Starting at the line that contains "Merapi Eruption, Yogyakarta, Java" and ending at the final line of the entries below, write out each line exactly as it appears, but omit the pictures.

(Brief descriptive captions)
┌────────

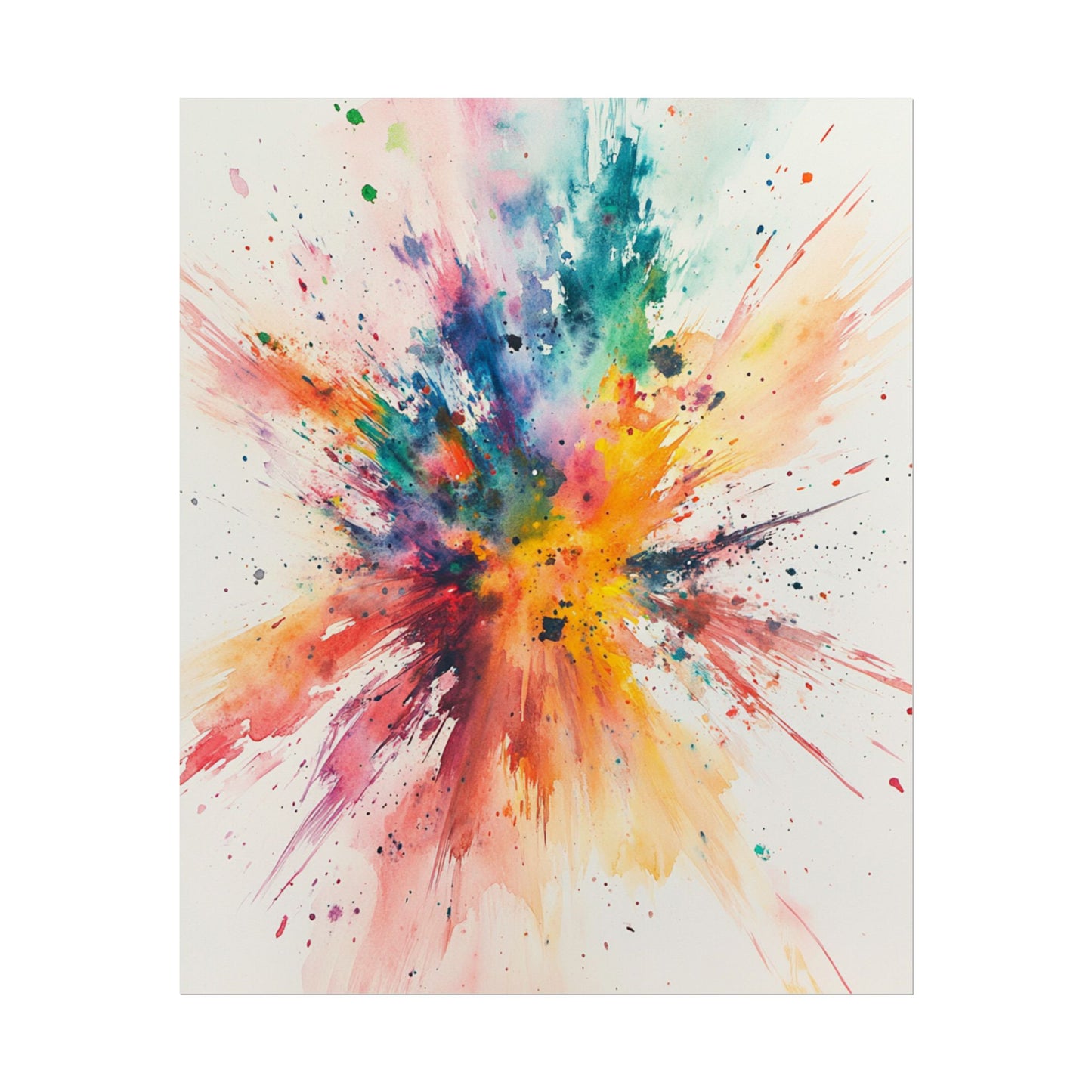 Explosion of Colour - Dynamic Abstract Watercolour Art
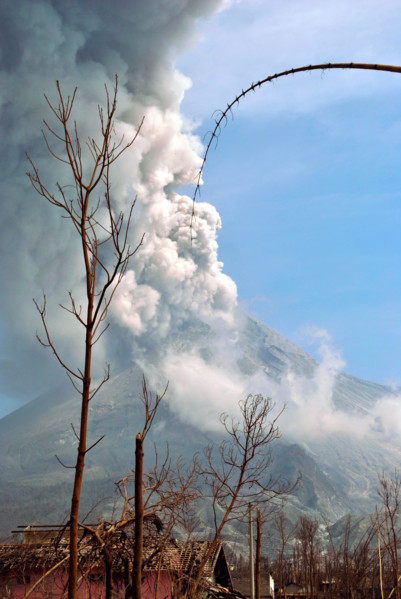 Merapi Eruption, Yogyakarta, Java Island, Indonesia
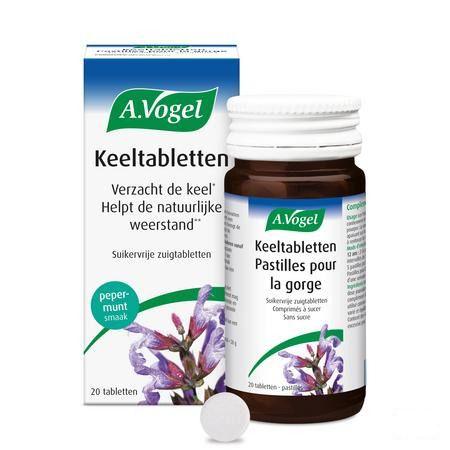 Vogel Keeltabletten 20  -  A.vogel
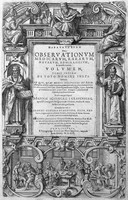 view M0007895B: Surgery and leg amputation, from Schenck: <i>Paratereseon sive observationum medicarum</i> (1609)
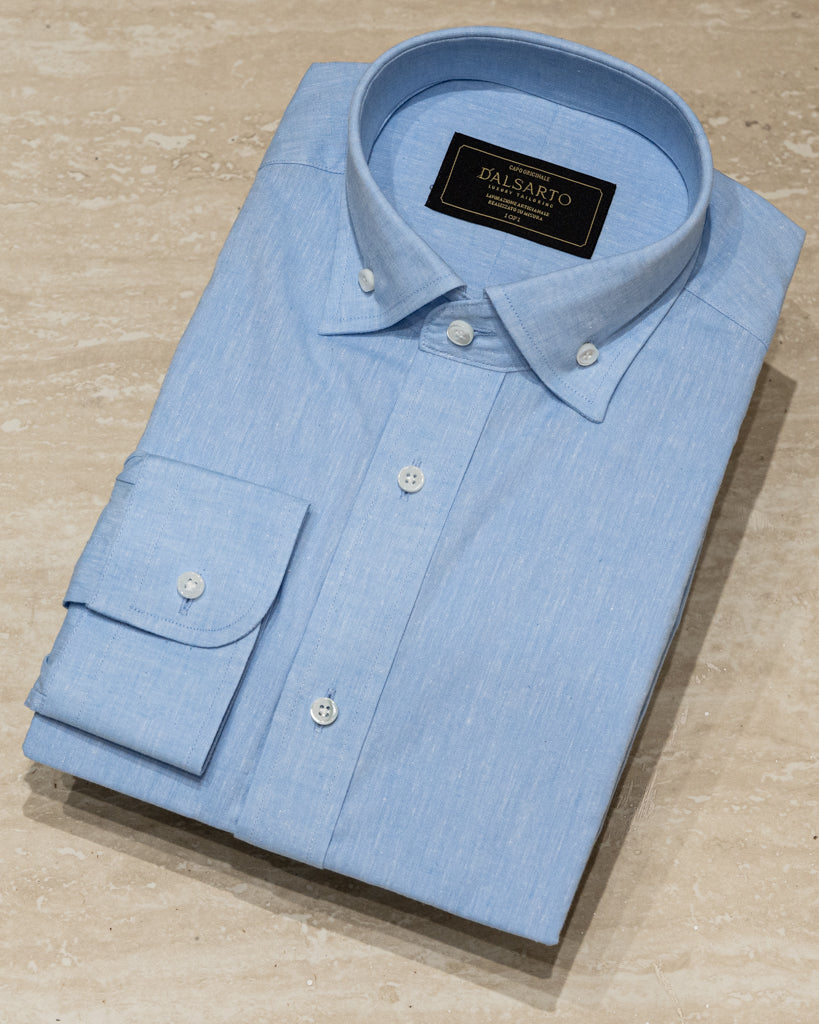 Avio Blue Button-Down Shirt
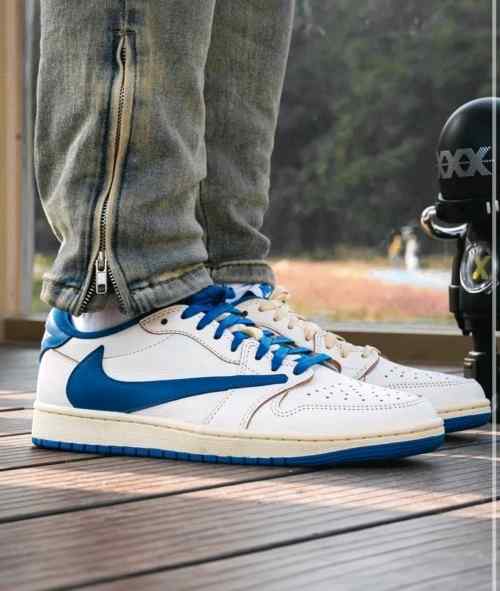 Semi UA Travis scott X Nikkee Air Jordan 1 Low Fragment heat OG BOX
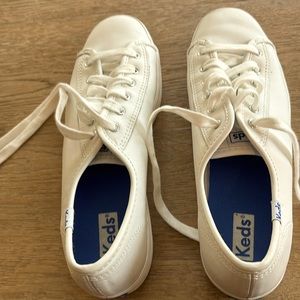 Keds white leather women’s 9 sneakers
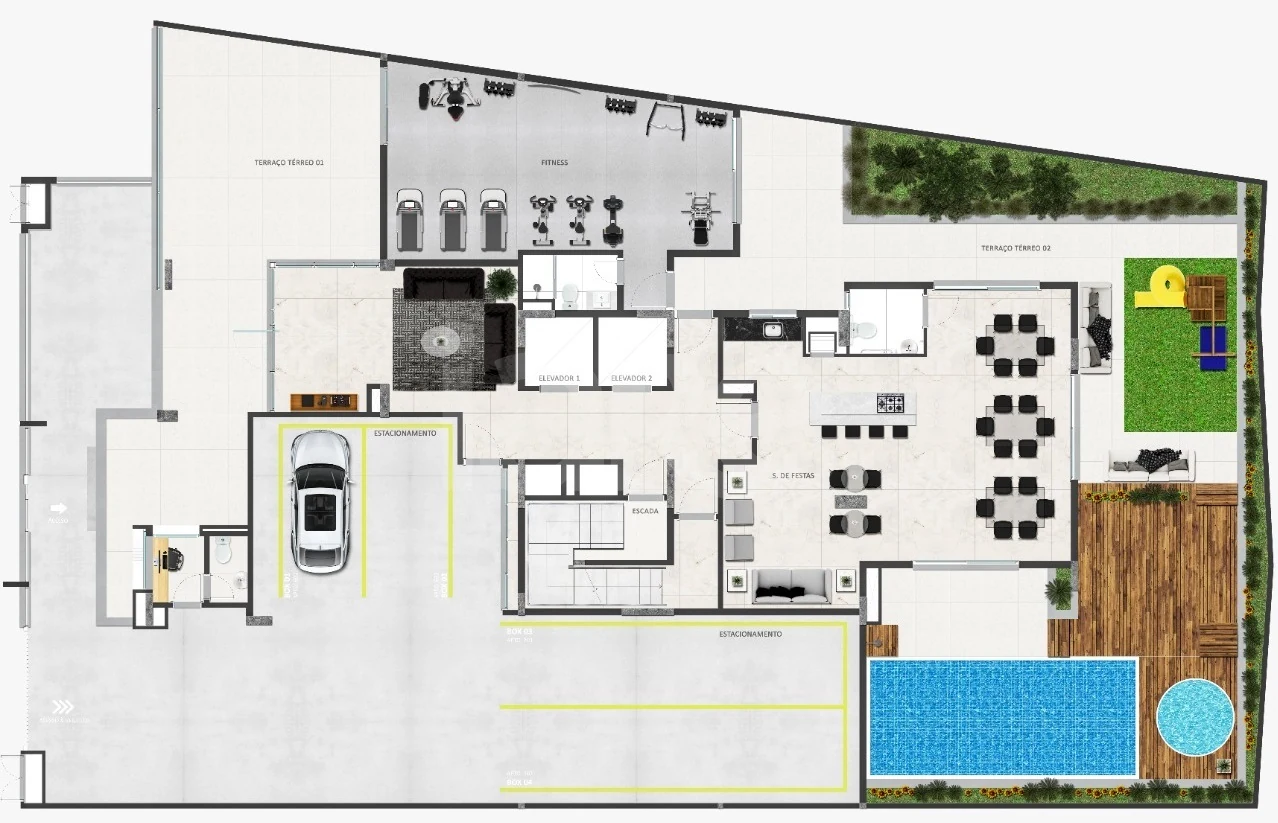 Planta — Pavimento lazer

└────────

Expected output:
 Merapi Eruption, Yogyakarta, Java Island, Indonesia
 Vogel Keeltabletten 20  -  A.vogel
 view M0007895B: Surgery and leg amputation, from Schenck: <i>Paratereseon sive observationum medicarum</i> (1609)
 Avio Blue Button-Down Shirt
 Semi UA Travis scott X Nikkee Air Jordan 1 Low Fragment heat OG BOX
 Keds white leather women’s 9 sneakers
 Planta — Pavimento lazer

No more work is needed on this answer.